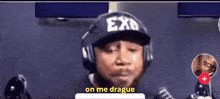 a man wearing headphones is giving a thumbs up and says " on me drague "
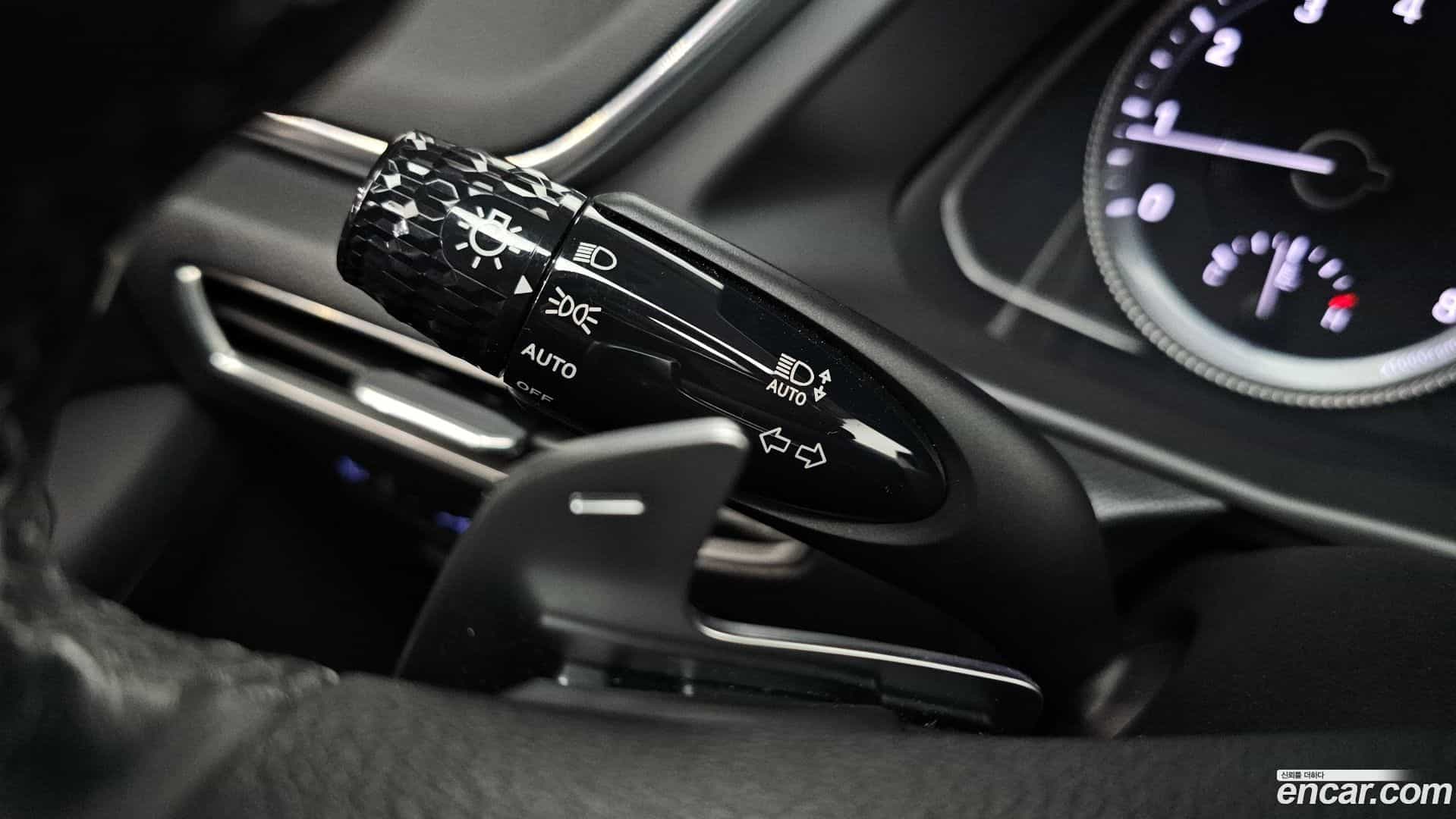 Sonata Hyundai 2020.8-OPTION-042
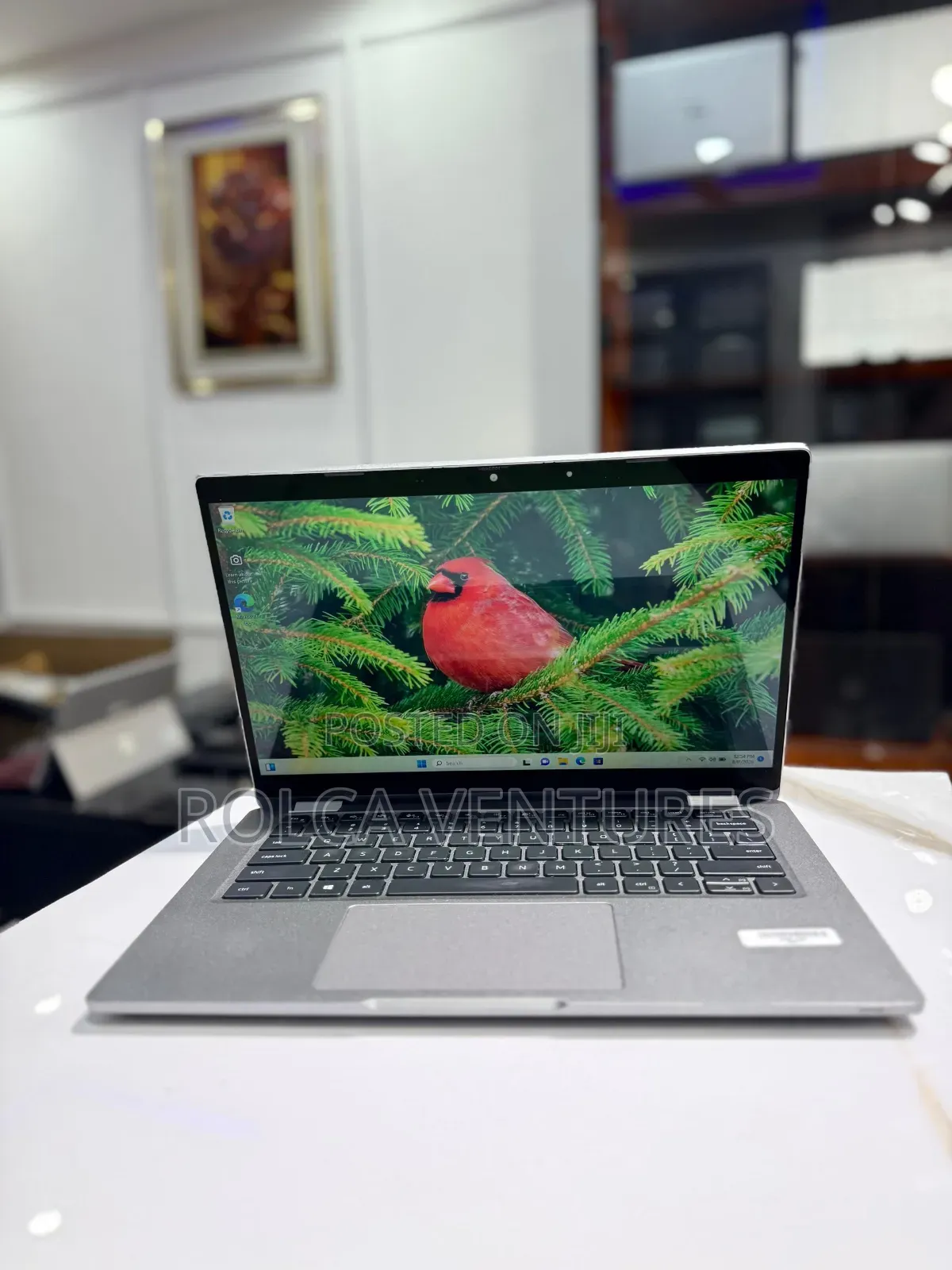 Laptop Dell Latitude 5320 2-in-1 16GB Intel Core i7 SSD 256GB
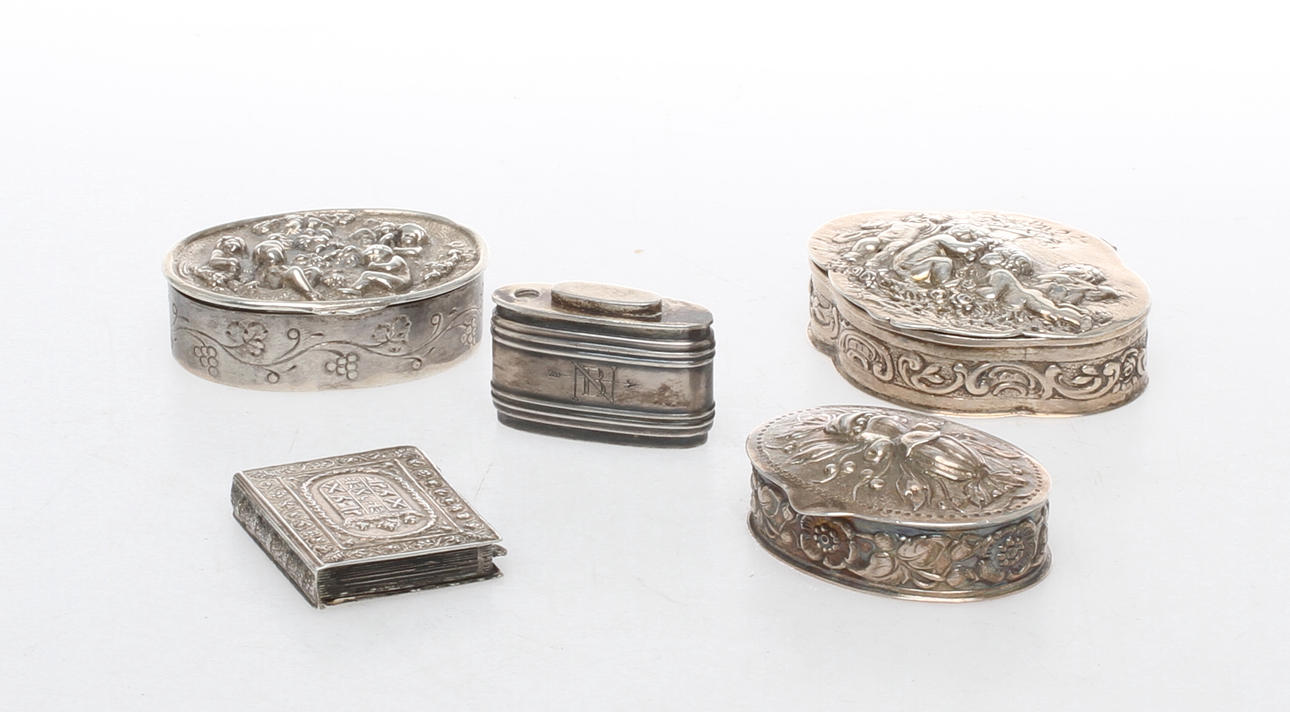 DOSOR, 5 st, silver, bland annat C G Hallberg, Mema, 1900-tal.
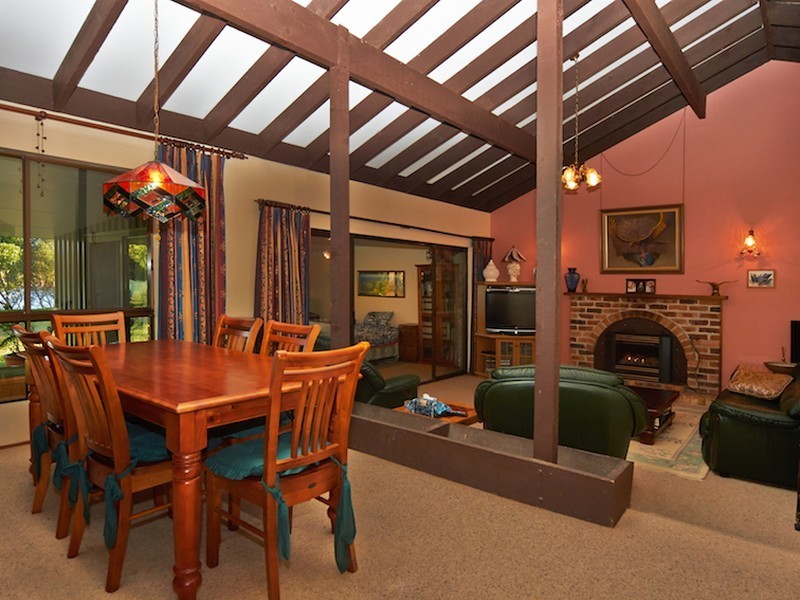 24 Cowans Lane, Oxley Island NSW 2430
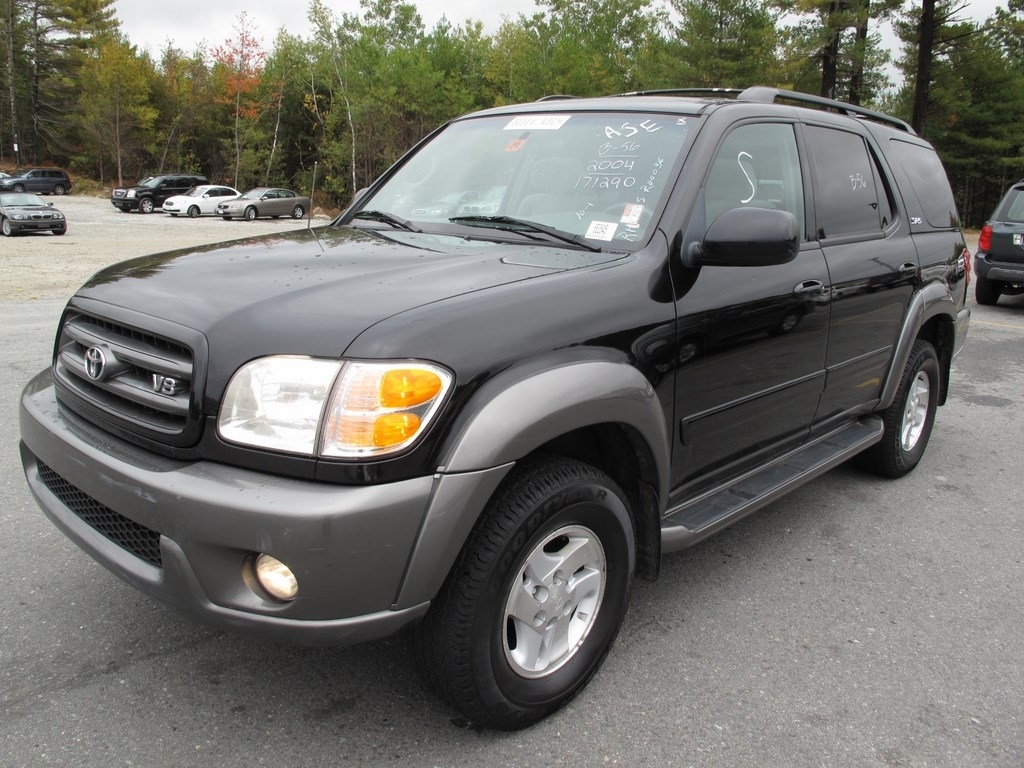 Toyota Sequoia 2004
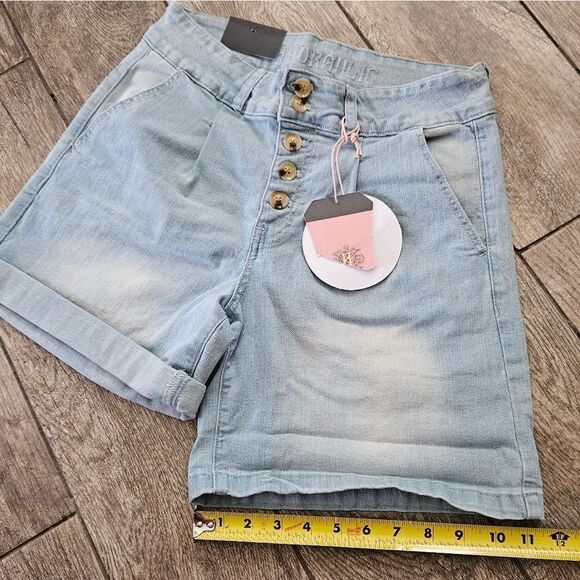 Hydraulic Murray Curvy Hi Rise Light Denim Wash Shorts Size 8 - Picture 6 of 11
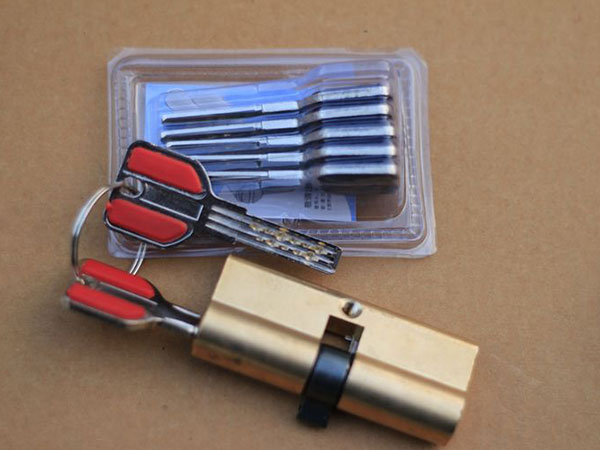 巴宜24小时上门开锁公司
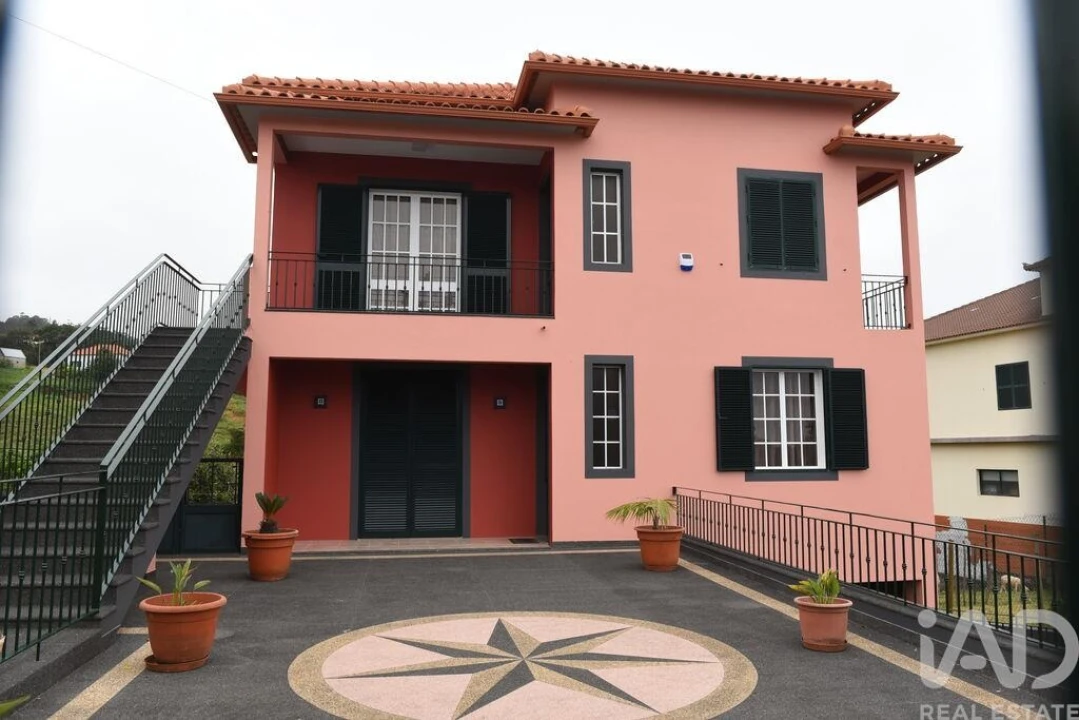 Moradia T2 para Arrendamento em Santana Foto 1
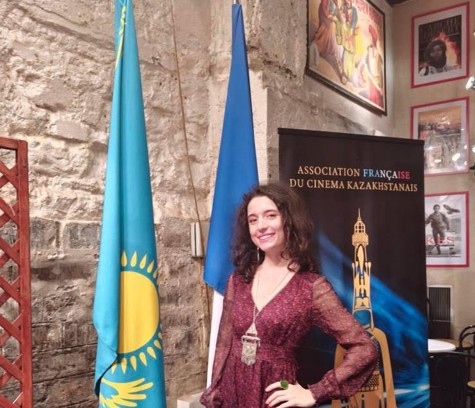 قازاق تىلىنە قۇشتار فرانتسۋز قىزى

* THE PROBLEM: Only the lines from the one containing "Sonata Hyundai 2020.8-OPTION-042" through the end of the listing above should be reproduced, exactly as they stand. Leave the pictures out.

* WRITTEN ANSWER:
 Sonata Hyundai 2020.8-OPTION-042
 Laptop Dell Latitude 5320 2-in-1 16GB Intel Core i7 SSD 256GB
 DOSOR, 5 st, silver, bland annat C G Hallberg, Mema, 1900-tal.
 24 Cowans Lane, Oxley Island NSW 2430
 Toyota Sequoia 2004
 Hydraulic Murray Curvy Hi Rise Light Denim Wash Shorts Size 8 - Picture 6 of 11
 巴宜24小时上门开锁公司
 Moradia T2 para Arrendamento em Santana Foto 1
 قازاق تىلىنە قۇشتار فرانتسۋز قىزى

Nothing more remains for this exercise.